The task: Lines below starting with the line with "outcrop. These rocks" and going on through the line with "Container terminal Rotterdam" must be output exactly; the rest of the records must be left out.

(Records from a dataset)
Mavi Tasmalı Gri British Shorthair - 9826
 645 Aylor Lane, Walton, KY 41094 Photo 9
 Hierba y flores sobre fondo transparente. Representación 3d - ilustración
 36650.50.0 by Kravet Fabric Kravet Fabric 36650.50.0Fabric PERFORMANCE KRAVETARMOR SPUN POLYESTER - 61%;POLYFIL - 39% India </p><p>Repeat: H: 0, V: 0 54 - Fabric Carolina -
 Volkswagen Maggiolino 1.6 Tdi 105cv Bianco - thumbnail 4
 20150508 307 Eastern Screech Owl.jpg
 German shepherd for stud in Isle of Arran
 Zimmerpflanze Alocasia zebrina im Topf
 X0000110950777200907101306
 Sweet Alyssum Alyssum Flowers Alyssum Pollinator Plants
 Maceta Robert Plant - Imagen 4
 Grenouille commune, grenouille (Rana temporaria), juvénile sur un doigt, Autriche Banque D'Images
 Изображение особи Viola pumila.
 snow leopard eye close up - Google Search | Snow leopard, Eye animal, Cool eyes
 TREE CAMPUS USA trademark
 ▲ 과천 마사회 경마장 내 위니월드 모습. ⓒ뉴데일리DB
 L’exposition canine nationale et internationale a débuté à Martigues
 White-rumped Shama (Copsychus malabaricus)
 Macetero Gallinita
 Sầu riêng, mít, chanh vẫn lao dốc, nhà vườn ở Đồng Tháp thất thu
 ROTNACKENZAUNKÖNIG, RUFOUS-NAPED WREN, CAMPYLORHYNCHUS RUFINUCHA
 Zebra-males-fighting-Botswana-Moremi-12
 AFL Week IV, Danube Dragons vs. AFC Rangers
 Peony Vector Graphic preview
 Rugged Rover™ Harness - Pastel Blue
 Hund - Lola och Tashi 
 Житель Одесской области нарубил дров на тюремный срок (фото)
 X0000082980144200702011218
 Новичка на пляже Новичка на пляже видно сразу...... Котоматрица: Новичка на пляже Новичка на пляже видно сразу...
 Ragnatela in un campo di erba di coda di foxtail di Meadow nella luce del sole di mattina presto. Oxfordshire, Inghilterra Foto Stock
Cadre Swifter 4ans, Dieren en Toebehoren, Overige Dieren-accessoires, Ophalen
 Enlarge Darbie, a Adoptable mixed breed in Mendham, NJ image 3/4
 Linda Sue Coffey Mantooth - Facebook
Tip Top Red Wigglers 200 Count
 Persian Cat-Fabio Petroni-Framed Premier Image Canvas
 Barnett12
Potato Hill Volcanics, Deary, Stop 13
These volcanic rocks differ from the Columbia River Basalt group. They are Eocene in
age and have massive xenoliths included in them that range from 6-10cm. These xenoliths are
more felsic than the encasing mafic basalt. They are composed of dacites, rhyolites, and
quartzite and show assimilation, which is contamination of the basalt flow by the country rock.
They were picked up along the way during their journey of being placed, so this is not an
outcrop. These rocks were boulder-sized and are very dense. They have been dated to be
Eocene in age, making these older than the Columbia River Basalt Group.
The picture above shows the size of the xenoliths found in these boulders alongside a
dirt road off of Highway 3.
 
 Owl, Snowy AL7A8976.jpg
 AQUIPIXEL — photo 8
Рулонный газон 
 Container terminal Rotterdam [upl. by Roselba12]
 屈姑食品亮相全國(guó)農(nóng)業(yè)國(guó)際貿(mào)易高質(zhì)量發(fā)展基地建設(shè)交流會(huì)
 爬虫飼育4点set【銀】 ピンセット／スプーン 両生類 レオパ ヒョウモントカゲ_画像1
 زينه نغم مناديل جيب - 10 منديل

Answer to the problem:
outcrop. These rocks were boulder-sized and are very dense. They have been dated to be
Eocene in age, making these older than the Columbia River Basalt Group.
The picture above shows the size of the xenoliths found in these boulders alongside a
dirt road off of Highway 3.
 
 Owl, Snowy AL7A8976.jpg
 AQUIPIXEL — photo 8
Рулонный газон 
 Container terminal Rotterdam [upl. by Roselba12]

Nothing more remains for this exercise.